Why is Quebec becoming the new hub of artificial intelligence?
“The province of Quebec offers many types of training in AI, which makes our graduates very competent and coveted. In fact, we have the largest concentration of AI researchers in the world, with $ 1 billion invested in university research and more than 20 world-renowned professors. The Canadian government made major public investments, and Montreal was chosen as the headquarters of SCALE IA, an AI innovation supercluster unique to Canada. Many world leaders (such as Google, Facebook and Microsoft) have also chosen Montreal to develop their expertise in this area, in part because specialized labour is less expensive compared to Silicon Valley. Montreal not only attracts the big players of the industry, it is also one of the best AI incubators and accelerators in the world for a start-up company."
Will artificial intelligence overtake human intelligence? Will robots replace employees?
“To be honest, I don’t think we’re there yet. On the contrary, artificial intelligence will help some employees in their work and create jobs. We can compare this to the Industrial Revolution, with its arduous and repetitive assembly-line work.
A robot is much more constant and impartial than a human being. Devoid of emotions, it can make decisions according to data without any biases.”
What are the possible malicious uses and other abuses? (Deepfakes, for example)
“There will always be malicious uses that will result from new technological advances. Unfortunately, there is no way to counter this except through education and prevention. It is therefore important to teach people about fake news and abuses by making them understand how AI works.”
Can you explain machine learning? What is the difference between artificial intelligence, machine learning and deep learning?
“Machine learning regroups several types of algorithms according to the kind of problem to solve. As mentioned above, it’s composed of supervised and unsupervised learning.
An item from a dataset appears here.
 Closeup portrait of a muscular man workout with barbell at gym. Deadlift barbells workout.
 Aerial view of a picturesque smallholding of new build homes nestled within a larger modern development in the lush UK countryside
For a machine to learn, it needs data and an algorithm that will make decisions out of them.
Artificial intelligence is the evolution of expert systems. Before, humans analyzed data and programmed a computer or software. Nowadays, the computer learns from the data on its own, and humans are able to make decisions based on it.”
What are the professions that will disappear or drastically change with the democratization of artificial intelligence?
"All jobs that are very repetitive and methodical will be affected, especially those that do not require reflection, since computers only need data to complete their tasks. But don’t you worry. Robots are not capable of creativity. They can’t demonstrate humour, show empathy or any emotional intelligence whatsoever, so jobs in which there are human interaction probably won’t be replaced by artificial intelligence.”